Untuk kasus ukhti, hal-hal di atas haruslah dipahami terlebih dahulu. Ada bagian dari uang yang berputar yang memang menjadi hak ukhti sepenuhnya (yaitu mahar) dan karena ini adalah hak yang harus ukhti terima maka tidak boleh keluar dari kantong/dompet ukhti tapi harus datang dari pihak calon suami. Besar kecil tidak menjadi persoalan selama itu diberikan dengan keikhlasan. Jadi pernyataan kamu yang mengatakan :
“Jadi untuk beli mas kawin aja dia belum bisa. “
haruslah dipikirkan lagi. Karena sebanyak apapun uang yang kamu miliki, yang namanya mas kawin tidak boleh kamu sendiri yang mengusahakan pengadaannya. Harus dia sendiri yang mengusahakannya. Jikapun ternyata bentuknya sangat sederhana, yah, memang jangan dilihat dari mahal atau tidaknya tapi keikhlasannya. Kalau memang mampunya sebegitu, jangan dipaksakan atau dimanipulasi lagi hanya karena khawatir takut ditertawakan atau dilecehkan orang.
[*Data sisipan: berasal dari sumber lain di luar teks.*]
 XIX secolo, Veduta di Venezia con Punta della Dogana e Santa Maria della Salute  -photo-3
Intinya adalah jujur dan ikhlas dan bukan perkara jual beli seperti yang ukhti prasangkakan.
Seterusnya, untuk nyelenggarain pesta perkawinan, yang sangat sederhana sekalipun, tetap ada biaya yang harus dikeluarkan dan sekali lagi ini bukanlah persoalan jual beli tapi lebih cocok dikatakan sebagai kesepakatan. Secara syariat Islam, tidak diperinci bagaimana penyelenggaraan pengumuman pernikahan (walimah perkawinan) tersebut selama hal itu diselenggarakan dalam keadaan aman dari fitnah serta dengan memperhatikan kewajiban menutup aurat. Artinya ini masuk wilayah muamallah.
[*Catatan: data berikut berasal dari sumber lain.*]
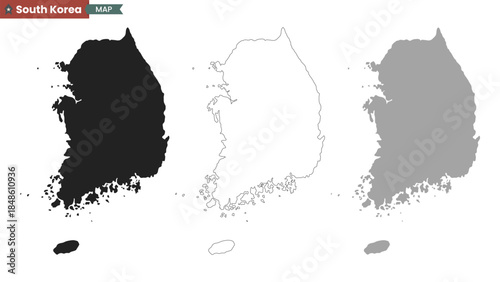 Map of South Korea. Black, Grey, Line, Country map icon. Vector illustration.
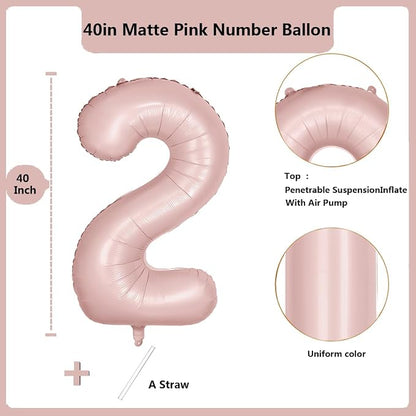 40 inch Pink Number Balloon Light Pink 2 Balloon Matte Pink Number 2 Balloon - Image 2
”Walimah itu adalah hak (benar). Menyelenggarakan walimah untuk yang kedua adalah kebaikan dan menyelenggarakannya untuk yang ketiga adalah suatu kesombongan.” (HR Thabrani)
”Sejelek-jelek makanan ialah makanan walimah, yang orang kaya diundang sedang orang miskin tidak diundang, dan walimah itu adalah hak…” (HR Muslm)
Disinilah mulai masuk kontribusi budaya setempat berkenaan dengan penyelenggaraan acara walimah perkawinan (pengumuman pernikahan) tersebut. Awalnya masuk sisi budaya dalam sebuah perkawinan di Indonesia sebenarnya bermula dari keinginan para orang tua untuk menasehati anak yang akan dilepas dengan sebuah kemasan nasehat yang bisa lebih berkesan (maklum, kalau dinasehati dengan omongan biasa mungkin si anak dikhawatirkan sudah kebal). Kemudian berkembang menjadi sebuah perhelatan yang dilakukan dengan dua buah tujuan, yang pertama adalah untuk memberi-tahu pada banyak orang tentang kegiatan perkawinan tersebut dan yang kedua adalah usaha kolektif mengumpulkan cidera mata dari pada undangan agar bisa lebih bermanfaat. Yang kedua ini, awalnya diberikan oleh para undangan/tamu untuk membahagiakan pengantin baru dan keluarganya tapi belakangan lebih banyak menjadi sebuah keharusan yang harus diberikan oleh para tamu ketika datang ke undangan perkawinan seseorang. Juga ada sebuah pergeseran, dari semula si tuan rumah menerima dengan ikhlas karena cindera mata tersebut merupakan tanda ikut berbahagia, kini cindera mata tersebut menjadi sesuatu yang sangat diharapkan (“istilahnya, tidak ada kesan tanpa kehadiran kado anda”). Bahkan pada banyak masyarakat pesta perhelatan perkawinan dipandang sebagai alternatif mengumpulkan uang yang lebih efektif.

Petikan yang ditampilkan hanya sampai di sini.